If your test is running for a limited time you can just delete the code when you're done. This has several advantages. People running A/B tests typically want to answer the question "what is best?" (To crush your enemies, obviously, but you can't usually say that) under the assumption that you'll then display the best variant forever. Contextual bandit algorithms don't answer this question; instead they minimise regret (equivalently, making you the most money) which makes more sense in the limited time setting. In fact there is no "best" with a contextual bandit -- the best variant depends on the user profile. This means you need to run the algorithm forever: good if you're collecting monthly subscriptions based on algorithm use, but bad if you're trying to manage a site with an exploding number of variants under test that you can never delete.

Ob plug: If you've found this post interesting you should consider signing up for the bandit course I'm running: http://noelwelsh.com/data/2013/08/16/free-bandit-course-draf... It will cover contextual bandits, and a whole heap of other interesting stuff.

1 comments

feral 4539 days ago

>The regret bounds on contextual bandits are O(d sqrt(T)), where d is the dimensionality of the user profile you're using and T is time (see e.g. http://arxiv.org/abs/1209.3352).
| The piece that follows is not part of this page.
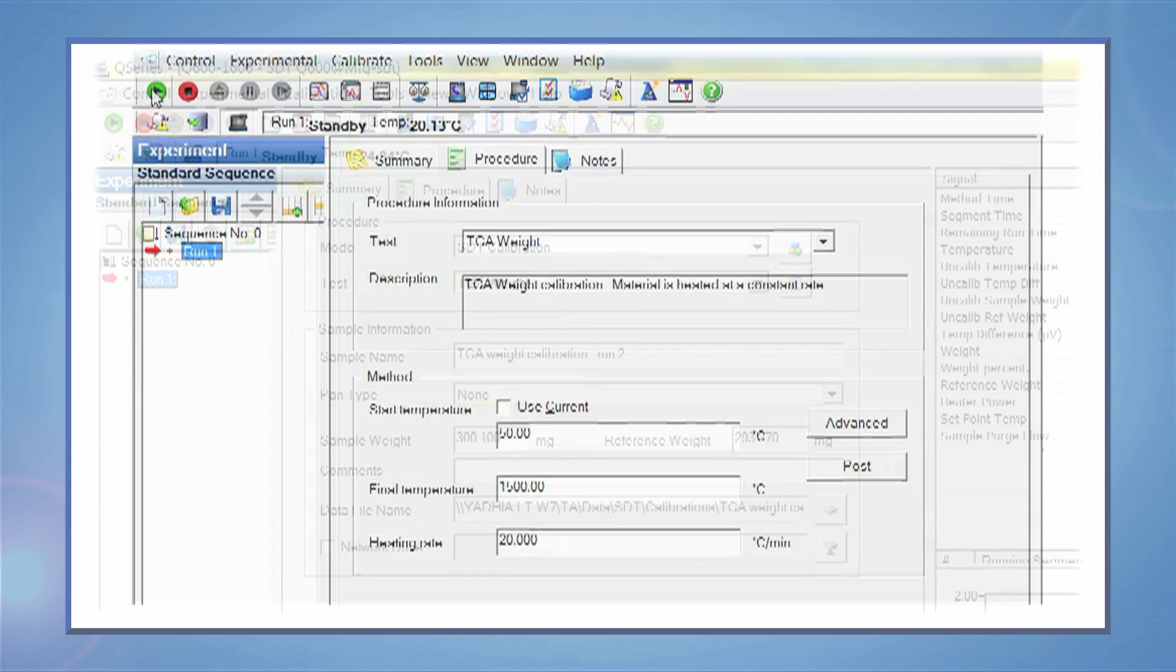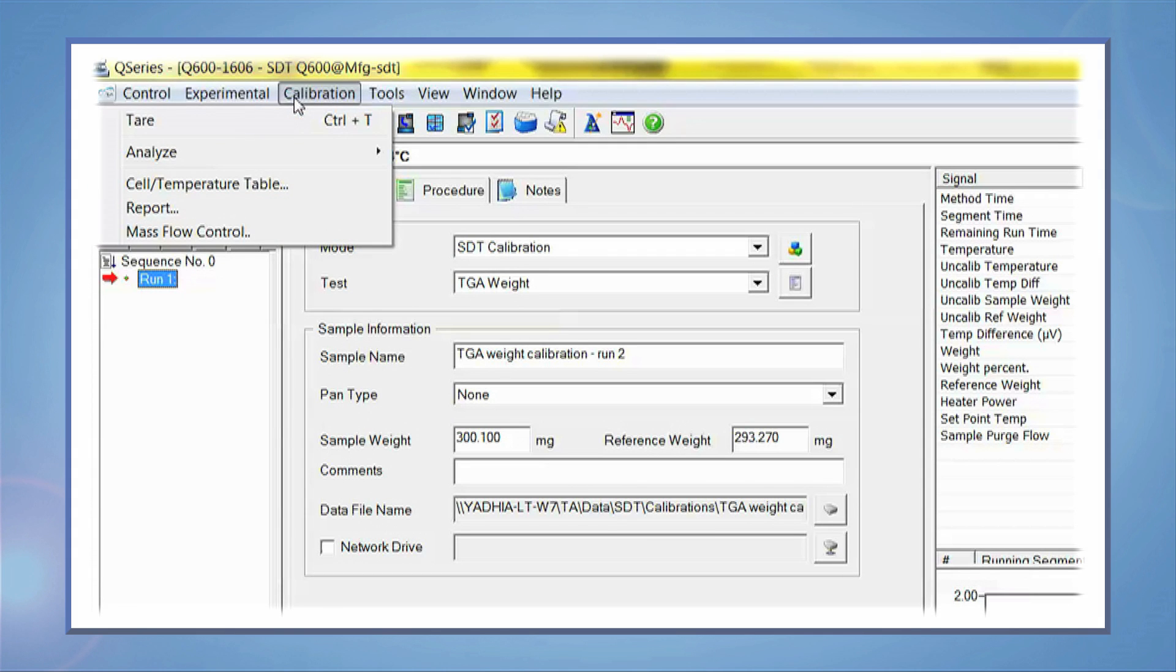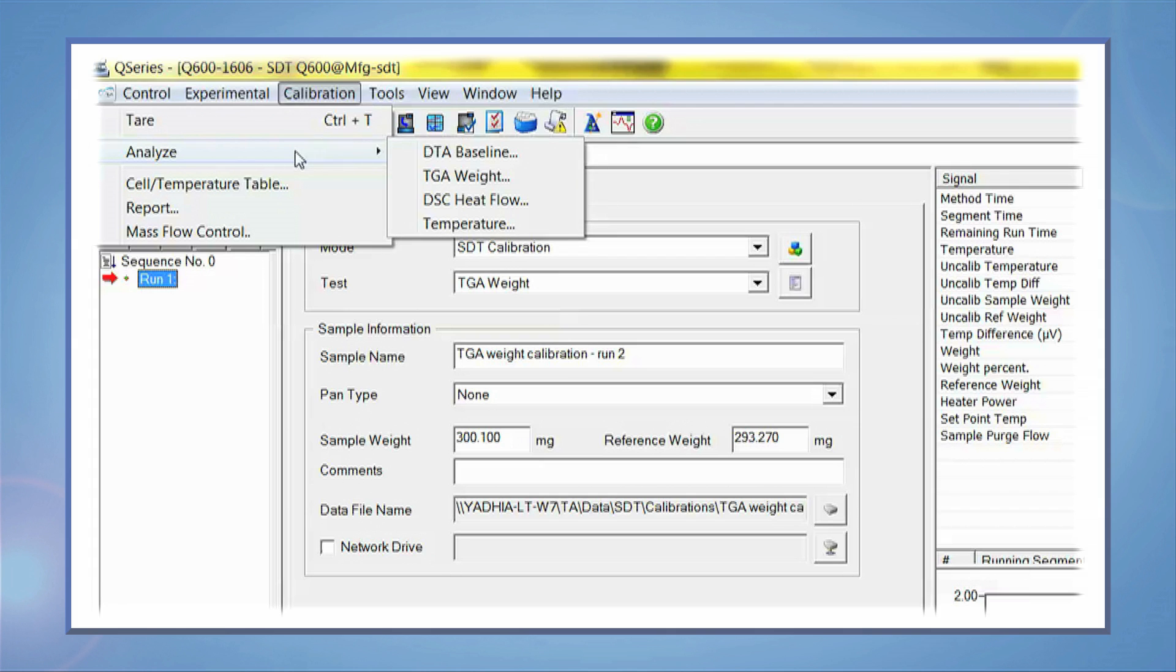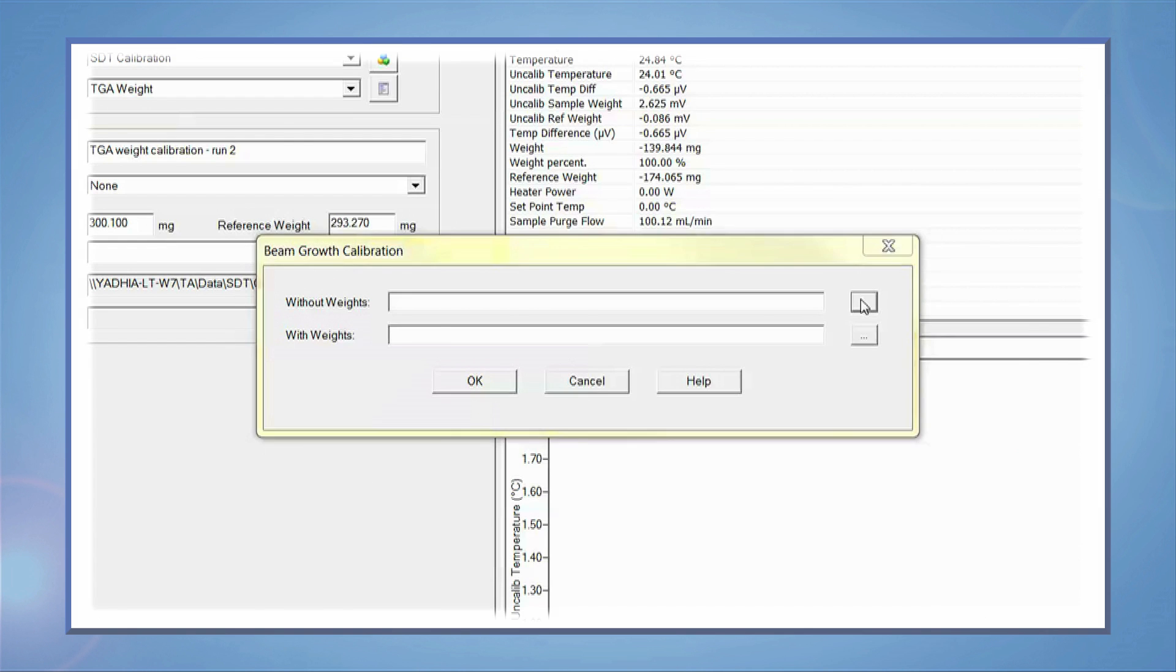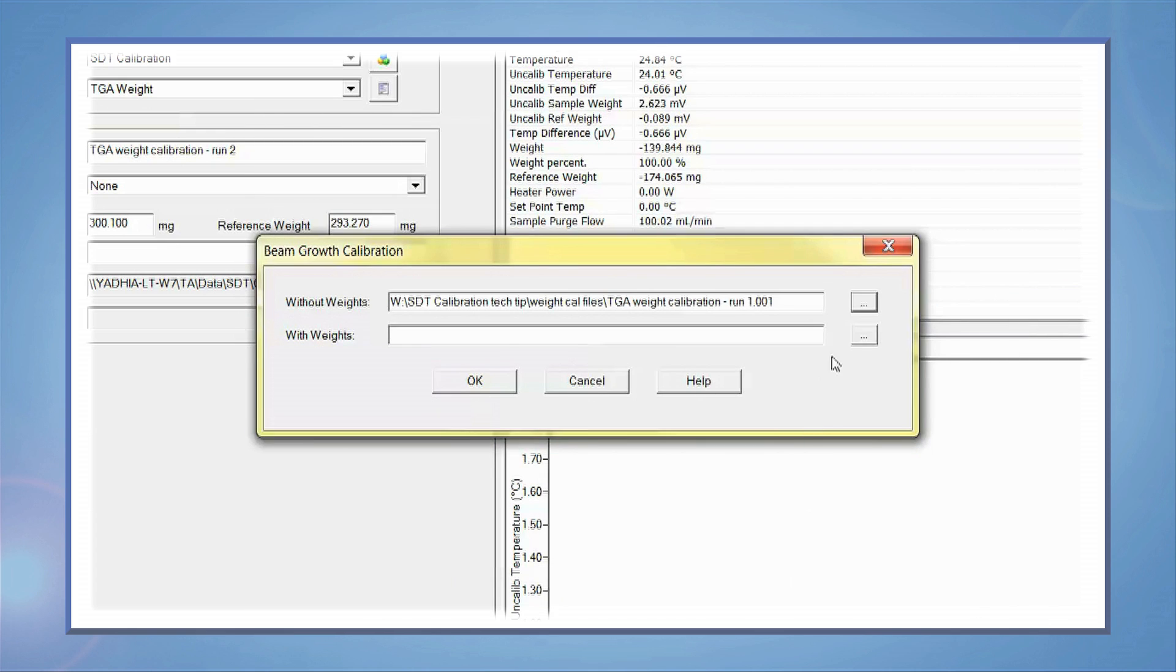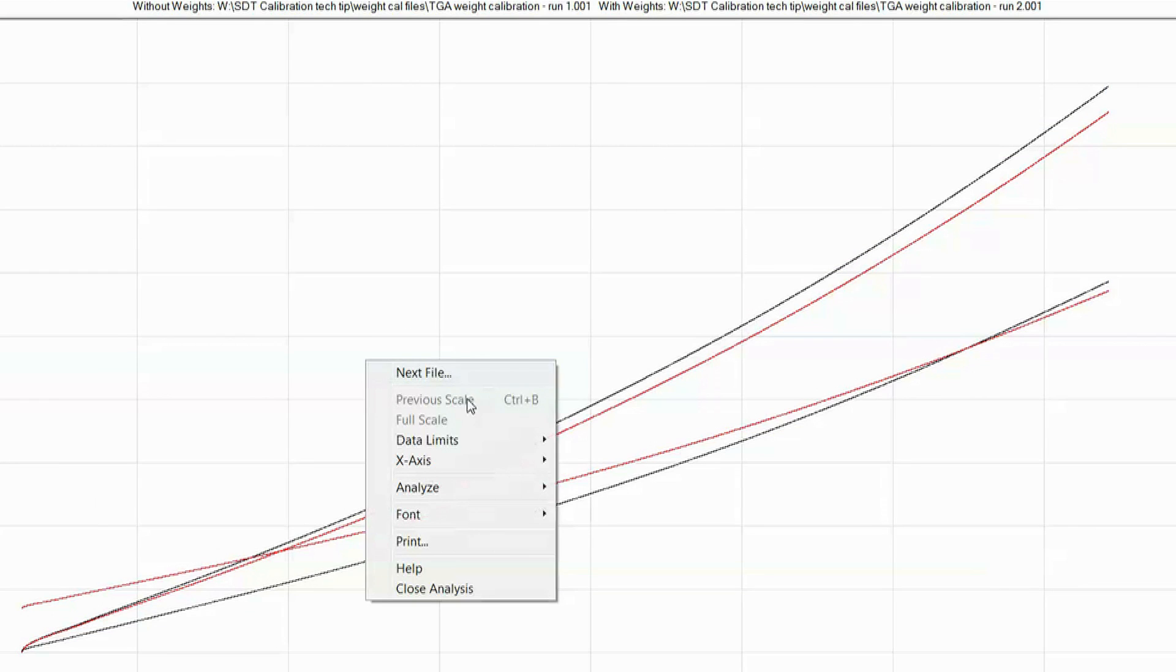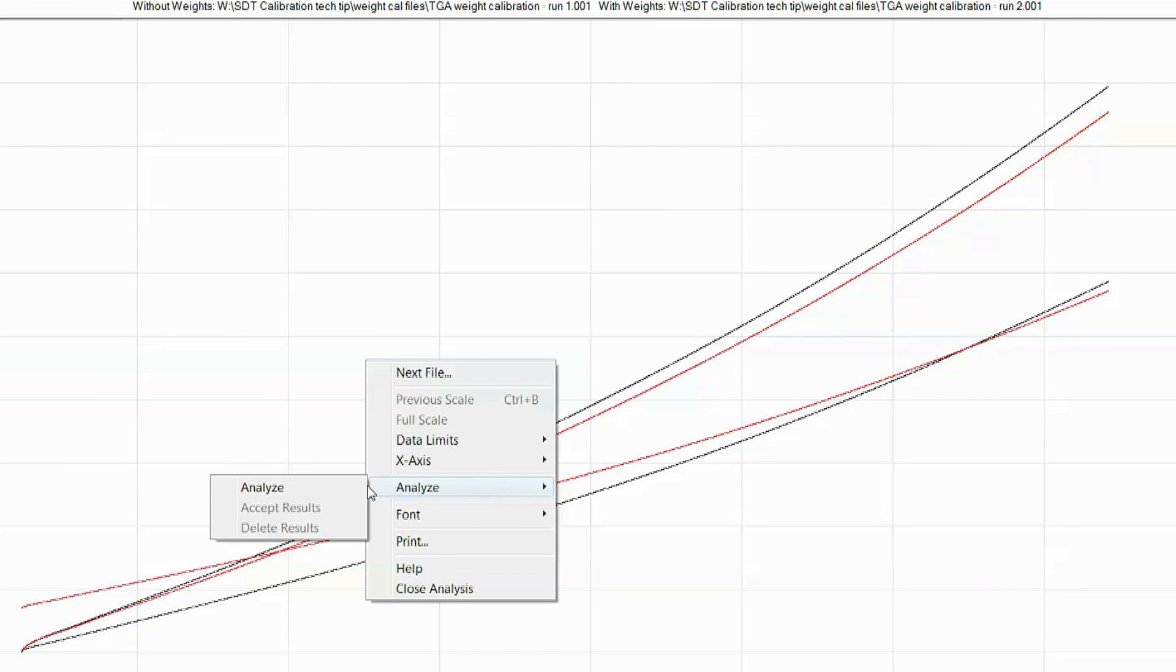At the end of both runs, select calibrate, analyze, TGA weight. Select the appropriate files. Right click on the screen and select analyze.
In contrast, the standard stochastic bandit has regret bounds of O(log(T)), which is much tighter. The summary is you need a lot more data to explore the bigger range of possibilities you've created. So I'm not sure contextual bandits are viable for smaller sites, but Wikipedia definitely has the traffic to make them work.

Its definitely viable for smaller sites. Your argument there is about the bounds in a particular theoretical situation ("when the contexts are provided by an adaptive adversary.")

In a real world situation, your contexts are provided by the normal behaviour of your users, not an adversary. And, rather than the patterns being maximally hard to find, there'll instead be a lot of low-hanging-fruit - in terms of very obvious combinations of features that define different segments of users.

What's important is not the bound of the contextual bandit in a theoretical situation, but rather what performance it gives in 90% of business situations. In many situations, doing some personalisation to automatically find the most obvious user groups is a huge win.

And later, as the amount of data increases, the granularity of segmentation will effectively increase.

I agree with your general comments on bandits, and love what Myna is doing.